┌─ DATA SHOWN

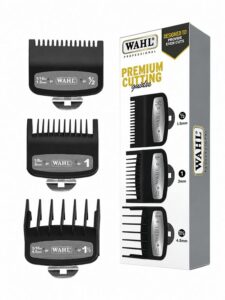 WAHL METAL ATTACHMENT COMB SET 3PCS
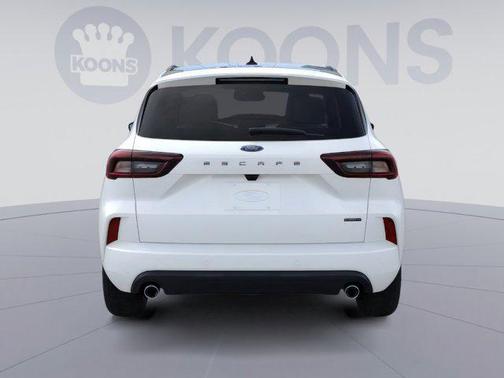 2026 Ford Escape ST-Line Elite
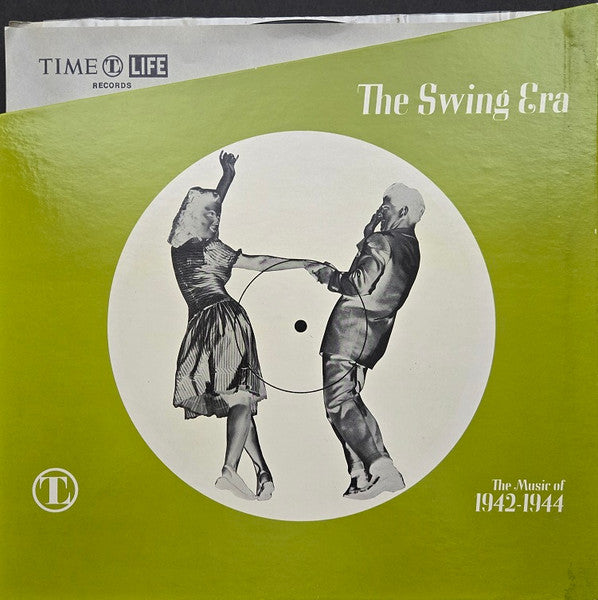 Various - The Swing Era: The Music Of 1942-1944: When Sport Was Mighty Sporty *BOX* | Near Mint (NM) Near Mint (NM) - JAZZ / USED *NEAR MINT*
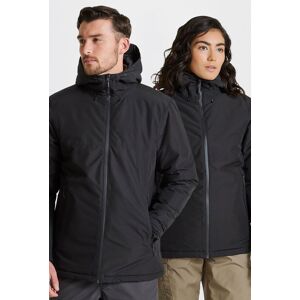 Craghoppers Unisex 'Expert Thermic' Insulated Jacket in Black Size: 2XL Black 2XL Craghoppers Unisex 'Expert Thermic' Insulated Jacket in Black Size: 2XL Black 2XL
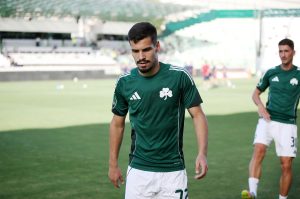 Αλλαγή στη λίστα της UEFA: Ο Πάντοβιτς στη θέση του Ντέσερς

└─
┌─ DATA SHOWN

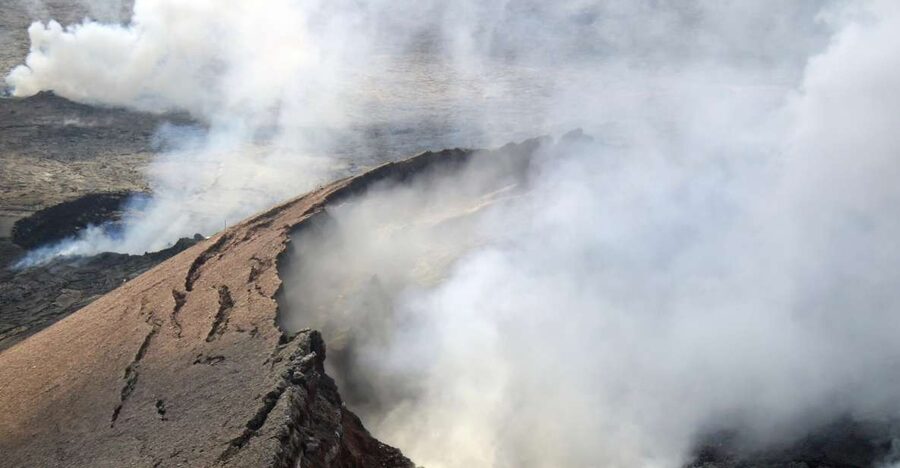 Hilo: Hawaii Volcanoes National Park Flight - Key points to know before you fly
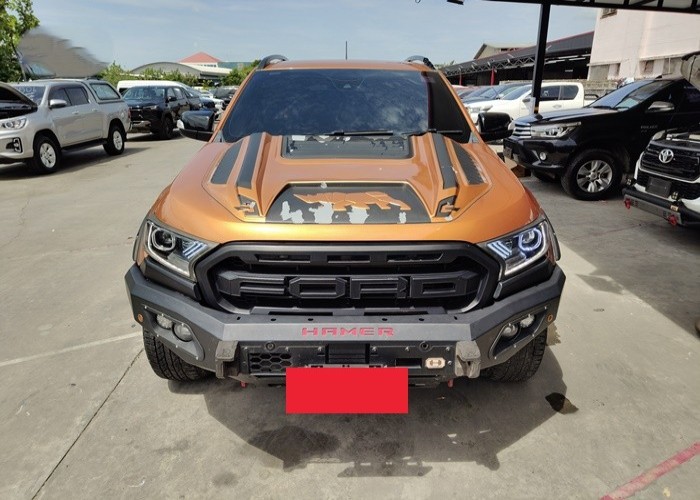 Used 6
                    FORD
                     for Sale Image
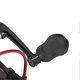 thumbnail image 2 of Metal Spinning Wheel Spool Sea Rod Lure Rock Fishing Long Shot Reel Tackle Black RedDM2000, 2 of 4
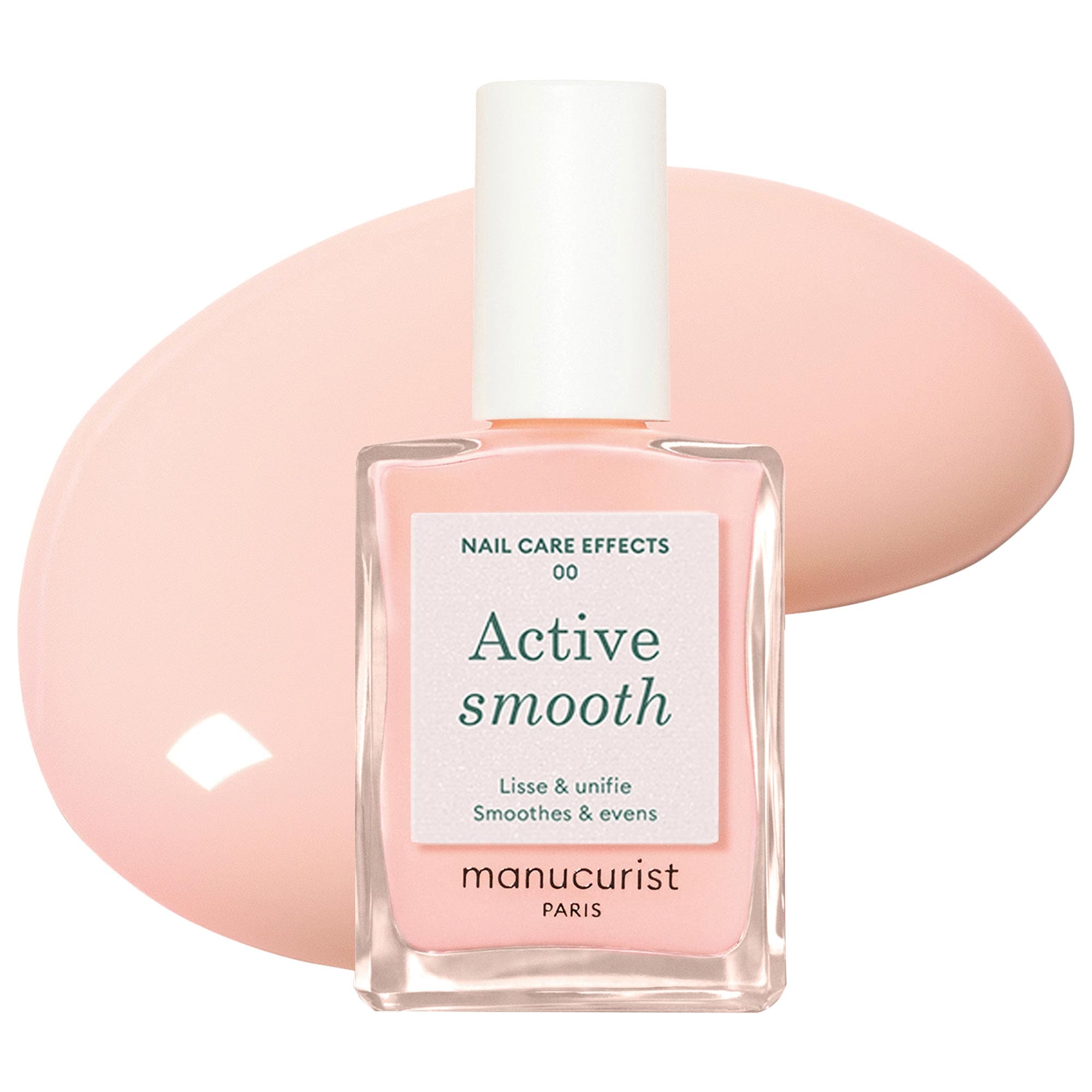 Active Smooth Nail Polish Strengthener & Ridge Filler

└─
┌─ DATA SHOWN

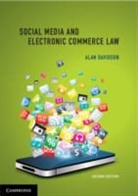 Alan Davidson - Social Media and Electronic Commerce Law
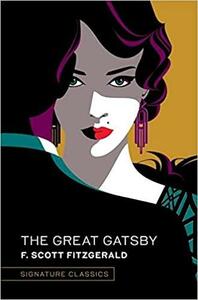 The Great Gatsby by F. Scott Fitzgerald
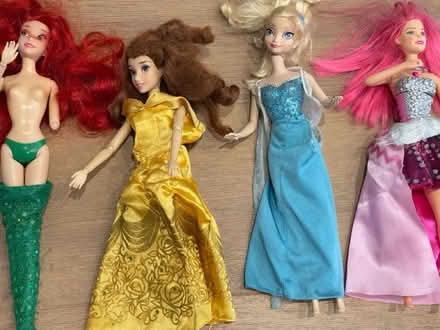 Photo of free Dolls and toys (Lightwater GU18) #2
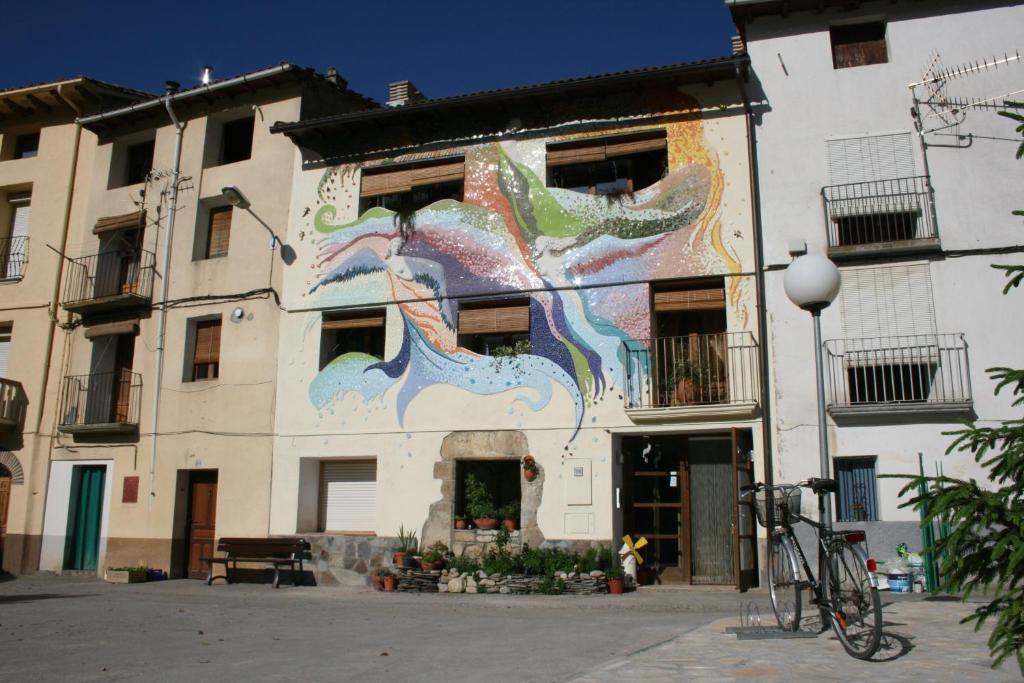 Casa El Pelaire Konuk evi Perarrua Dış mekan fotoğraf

└─

# [THE TASK]
From the records above, extract the lines from the one holding "Various - The" through the one holding "Black 2XL Craghoppers", word for word; omit the pictures.

# [FINISHED EXERCISE]
 Various - The Swing Era: The Music Of 1942-1944: When Sport Was Mighty Sporty *BOX* | Near Mint (NM) Near Mint (NM) - JAZZ / USED *NEAR MINT*
 Craghoppers Unisex 'Expert Thermic' Insulated Jacket in Black Size: 2XL Black 2XL Craghoppers Unisex 'Expert Thermic' Insulated Jacket in Black Size: 2XL Black 2XL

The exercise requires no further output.